**Task details**
Only the pictures should be left out; repeat the rest of the data exactly.

Start of Provided material

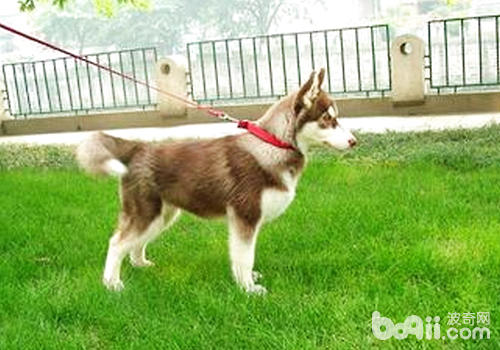 如何處理<a href=/zhonglei/gou/ target=_blank class=infotextkey>狗</a>狗慢性嘔吐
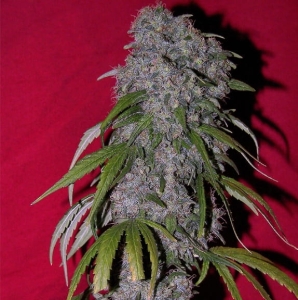 Nev. Haze od Female Seeds nasiona marihuany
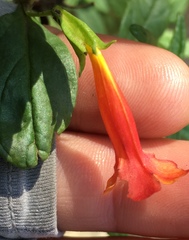 Diplacus parviflorus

End of Provided material

**Response for this exercise**
 如何處理<a href=/zhonglei/gou/ target=_blank class=infotextkey>狗</a>狗慢性嘔吐
 Nev. Haze od Female Seeds nasiona marihuany
 Diplacus parviflorus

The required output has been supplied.